> **Task goal**: Set down exactly the lines below between the line holding "Серебряный браслет Fiori18-Turquoise" and the line holding "Moncler Womens Black", inclusive; no other line belongs in the answer.
Study material: Begin
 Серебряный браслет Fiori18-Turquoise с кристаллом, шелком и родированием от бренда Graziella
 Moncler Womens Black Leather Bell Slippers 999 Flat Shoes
Study material: End
Study material: Begin
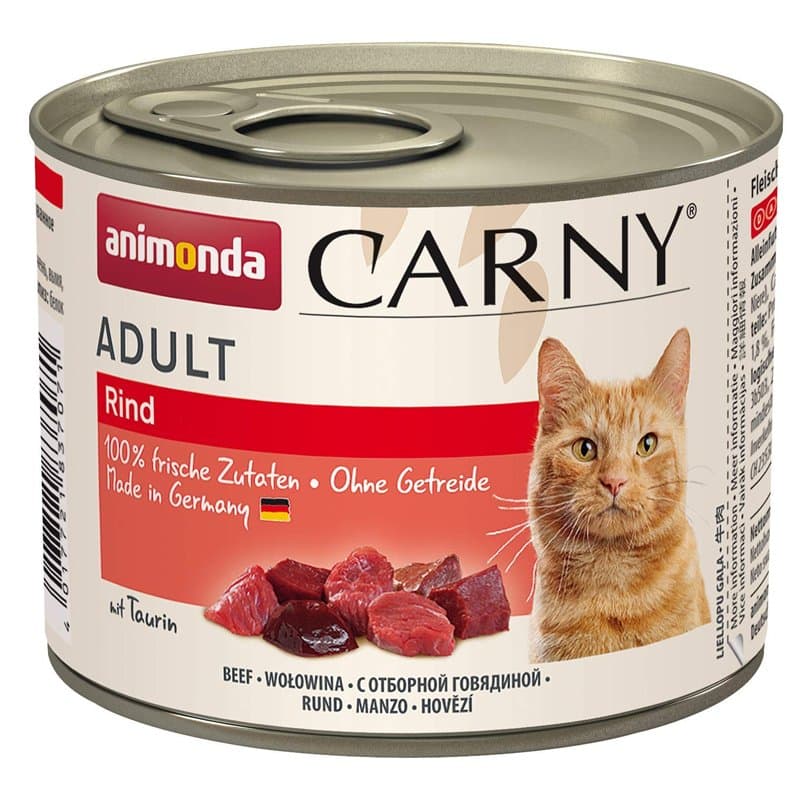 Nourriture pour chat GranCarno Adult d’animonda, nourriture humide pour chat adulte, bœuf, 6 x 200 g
Study material: End
Study material: Begin
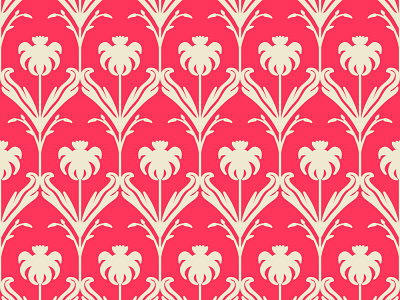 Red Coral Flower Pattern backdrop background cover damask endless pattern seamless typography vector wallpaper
Study material: End
> **Finished task**:
 Серебряный браслет Fiori18-Turquoise с кристаллом, шелком и родированием от бренда Graziella
 Moncler Womens Black Leather Bell Slippers 999 Flat Shoes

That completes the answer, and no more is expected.